Supporting agriculture
Penny Steyer, the Warwick market manager, said vendors still benefit in spite of it all from the broad support that agriculture enjoys in the community — the first in the region to approve a farmland preservation program.
“Our farms — we have eight fruit and vegetable vendors — keep us going,″ said Steyer. “They are one of our biggest draws.”
Similar sentiment buoys the small Heart of the Hudson Valley Farmers Market in Milton, a community that won official state designation for a farm trail to memorialize its 300-year-old industry.
“It’s a stick-to-the-basics market with vendors from farms in town,″ said Sheila Mannese, the manager. “And it has a committed following, local people who plan their schedules and menus around it.”
But Lupinksi, in Goshen, another community with a strong ag tradition, fears consumers are increasingly removed from the farm.
“People have become accustomed to buying strawberries year-round, and so they come to the market in June for tomatoes and corn, as though they’re in Orange County, Fla., or Orange County, Calif., and get upset because nobody has them,″ said Lupinski.
Different market strokes
In Monticello and Liberty, Catskill Mountainkeeper has rescued failing markets and recast them to serve the specific wants and needs of local people. Government benefits such as SNAP were seamlessly integrated into their operation.
“These are food deserts where people don’t have ready access to fresh fruits and vegetables,″ said Ramsay Adams, executive director of Mountainkeeper. “Our success is modest — we draw hundreds, not thousands like Callicoon — but it’s real and it’s growing.”
The Callicoon Farmers Market is Sullivan County’s largest and a Sunday destination for the newcomers who are discovering the Catskills.
In Washingtonville, managers of the faltering market have switched to Sunday from Saturday and rebranded it for farmers and artisans.
Jessica Kehlenbeck, a member of Placemaking of Washingtonville, said the hope is that the switch in date and time and the addition of crafts will attract enough traffic to sustain the market’s four beginning farmers.
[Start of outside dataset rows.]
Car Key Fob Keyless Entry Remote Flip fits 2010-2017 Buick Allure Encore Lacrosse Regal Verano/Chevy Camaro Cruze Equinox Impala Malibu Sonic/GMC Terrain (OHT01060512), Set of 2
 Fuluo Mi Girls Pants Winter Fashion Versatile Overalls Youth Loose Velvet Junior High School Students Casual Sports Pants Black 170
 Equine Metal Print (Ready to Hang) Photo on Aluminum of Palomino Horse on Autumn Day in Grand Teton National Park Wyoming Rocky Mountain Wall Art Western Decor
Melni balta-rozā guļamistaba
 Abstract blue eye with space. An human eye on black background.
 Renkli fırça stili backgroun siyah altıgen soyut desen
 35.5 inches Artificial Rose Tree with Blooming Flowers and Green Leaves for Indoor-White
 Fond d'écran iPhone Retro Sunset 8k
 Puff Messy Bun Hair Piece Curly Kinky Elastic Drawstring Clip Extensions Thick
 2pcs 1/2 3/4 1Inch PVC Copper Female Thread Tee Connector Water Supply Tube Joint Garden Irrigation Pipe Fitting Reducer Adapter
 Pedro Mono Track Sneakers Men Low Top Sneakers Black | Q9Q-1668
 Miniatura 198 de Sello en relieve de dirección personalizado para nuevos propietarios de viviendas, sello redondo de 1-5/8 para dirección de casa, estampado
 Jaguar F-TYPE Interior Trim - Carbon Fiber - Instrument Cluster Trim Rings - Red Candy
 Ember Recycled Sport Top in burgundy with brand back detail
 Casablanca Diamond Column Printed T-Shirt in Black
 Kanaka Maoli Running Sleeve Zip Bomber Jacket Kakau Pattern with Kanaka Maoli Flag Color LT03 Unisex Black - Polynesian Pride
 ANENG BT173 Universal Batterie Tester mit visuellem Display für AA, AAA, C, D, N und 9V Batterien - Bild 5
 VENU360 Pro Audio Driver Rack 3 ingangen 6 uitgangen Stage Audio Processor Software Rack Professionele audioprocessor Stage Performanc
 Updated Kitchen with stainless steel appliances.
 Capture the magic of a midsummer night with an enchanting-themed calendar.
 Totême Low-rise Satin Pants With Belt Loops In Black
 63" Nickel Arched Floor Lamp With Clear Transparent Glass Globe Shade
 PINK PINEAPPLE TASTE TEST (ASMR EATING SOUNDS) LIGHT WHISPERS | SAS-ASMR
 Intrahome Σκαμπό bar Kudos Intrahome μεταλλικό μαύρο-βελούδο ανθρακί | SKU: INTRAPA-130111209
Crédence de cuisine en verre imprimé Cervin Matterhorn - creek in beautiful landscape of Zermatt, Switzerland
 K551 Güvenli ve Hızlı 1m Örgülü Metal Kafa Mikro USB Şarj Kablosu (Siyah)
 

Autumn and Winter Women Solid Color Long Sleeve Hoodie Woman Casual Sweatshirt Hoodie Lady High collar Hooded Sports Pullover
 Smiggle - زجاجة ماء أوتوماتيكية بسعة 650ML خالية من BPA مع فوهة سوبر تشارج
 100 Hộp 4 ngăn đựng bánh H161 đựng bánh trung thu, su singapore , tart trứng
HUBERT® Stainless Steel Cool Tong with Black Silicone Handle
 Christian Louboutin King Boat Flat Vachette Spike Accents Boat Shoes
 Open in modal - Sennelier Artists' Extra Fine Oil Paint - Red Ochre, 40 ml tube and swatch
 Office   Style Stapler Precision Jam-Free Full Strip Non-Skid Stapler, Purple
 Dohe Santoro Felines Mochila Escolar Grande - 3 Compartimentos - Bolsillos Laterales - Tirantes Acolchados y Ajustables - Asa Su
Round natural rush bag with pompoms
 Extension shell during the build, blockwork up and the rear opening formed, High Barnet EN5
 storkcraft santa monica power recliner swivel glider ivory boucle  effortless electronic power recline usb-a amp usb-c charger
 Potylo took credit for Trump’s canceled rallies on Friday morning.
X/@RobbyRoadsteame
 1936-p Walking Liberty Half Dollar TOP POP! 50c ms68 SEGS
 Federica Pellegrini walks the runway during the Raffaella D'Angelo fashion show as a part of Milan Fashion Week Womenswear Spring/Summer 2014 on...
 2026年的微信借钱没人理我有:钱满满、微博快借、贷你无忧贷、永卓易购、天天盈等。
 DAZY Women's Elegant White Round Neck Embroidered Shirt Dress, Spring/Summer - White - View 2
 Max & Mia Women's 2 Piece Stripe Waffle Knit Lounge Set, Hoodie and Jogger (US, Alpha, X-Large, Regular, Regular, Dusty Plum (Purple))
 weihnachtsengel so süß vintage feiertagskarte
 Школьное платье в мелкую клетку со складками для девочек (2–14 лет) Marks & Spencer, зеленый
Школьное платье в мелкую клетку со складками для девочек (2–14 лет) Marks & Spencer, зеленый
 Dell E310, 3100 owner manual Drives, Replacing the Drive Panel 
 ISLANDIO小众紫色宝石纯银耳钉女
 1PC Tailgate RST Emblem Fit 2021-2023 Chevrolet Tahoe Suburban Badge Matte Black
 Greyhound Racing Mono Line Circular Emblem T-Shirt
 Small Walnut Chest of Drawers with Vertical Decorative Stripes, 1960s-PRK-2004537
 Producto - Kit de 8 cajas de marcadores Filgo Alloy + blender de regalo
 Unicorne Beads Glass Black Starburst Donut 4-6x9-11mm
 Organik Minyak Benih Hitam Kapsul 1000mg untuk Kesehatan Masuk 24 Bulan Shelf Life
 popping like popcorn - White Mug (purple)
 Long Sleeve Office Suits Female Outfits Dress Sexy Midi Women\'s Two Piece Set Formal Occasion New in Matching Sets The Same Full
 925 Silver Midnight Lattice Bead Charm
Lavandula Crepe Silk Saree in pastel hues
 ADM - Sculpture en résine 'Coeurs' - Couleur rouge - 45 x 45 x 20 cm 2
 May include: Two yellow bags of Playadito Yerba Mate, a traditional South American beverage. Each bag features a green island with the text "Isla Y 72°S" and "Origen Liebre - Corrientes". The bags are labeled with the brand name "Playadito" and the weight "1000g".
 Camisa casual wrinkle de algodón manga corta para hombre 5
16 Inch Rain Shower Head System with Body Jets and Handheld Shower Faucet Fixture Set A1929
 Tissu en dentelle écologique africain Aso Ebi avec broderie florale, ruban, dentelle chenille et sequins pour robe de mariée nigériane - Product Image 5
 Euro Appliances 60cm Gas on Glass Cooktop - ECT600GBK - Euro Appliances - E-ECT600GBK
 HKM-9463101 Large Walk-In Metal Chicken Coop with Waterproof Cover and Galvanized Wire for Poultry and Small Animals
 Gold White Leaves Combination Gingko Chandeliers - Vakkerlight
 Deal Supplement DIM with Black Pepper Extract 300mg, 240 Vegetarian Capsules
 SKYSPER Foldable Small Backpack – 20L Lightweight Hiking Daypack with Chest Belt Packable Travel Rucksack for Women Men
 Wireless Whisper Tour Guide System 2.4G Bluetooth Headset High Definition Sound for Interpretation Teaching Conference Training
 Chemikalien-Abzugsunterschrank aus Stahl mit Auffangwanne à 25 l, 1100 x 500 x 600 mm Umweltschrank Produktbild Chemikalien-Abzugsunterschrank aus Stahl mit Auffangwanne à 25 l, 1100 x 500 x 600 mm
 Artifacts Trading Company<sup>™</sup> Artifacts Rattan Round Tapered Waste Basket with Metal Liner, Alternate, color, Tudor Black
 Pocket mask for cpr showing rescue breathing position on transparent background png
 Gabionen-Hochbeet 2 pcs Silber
“It’s only our second year, but we do well with our organic fruits and vegetables,” said Samer Saleh, co-owner of Halal Pastures in Washingtonville and a member of Placemaking.
“I shop in Goshen, but any time we’ve had a market, I’ve come because I want to support the local effort,″ said Catherine Flandrau of Washingtonville. “Hopefully, this time it will blossom into a Goshen.”
Do markets pay?
Higgins, the Cornell ag-business-management specialist, said farmers will have to examine where they are making money and where they are not and adjust their market participation and business accordingly — something she recommends they do year-in and year-out.
Many of them, she explained, fail to factor in all of their market-specific costs, especially their own time, from the minute they’ve loaded their trucks and left the farm until they’re back home and unloaded.
Then there’s the salaries of the help, the fees for booths, truck parking and electricity at the market, and the premiums for at least $1 million in liability insurance.
“The explosion in the number of markets wasn’t driven by farmers or food justice or food desert considerations,” said Higgins. “It was more of an economic development effort to bring people back to Main Street, to build a sense of community. The equation is different now.”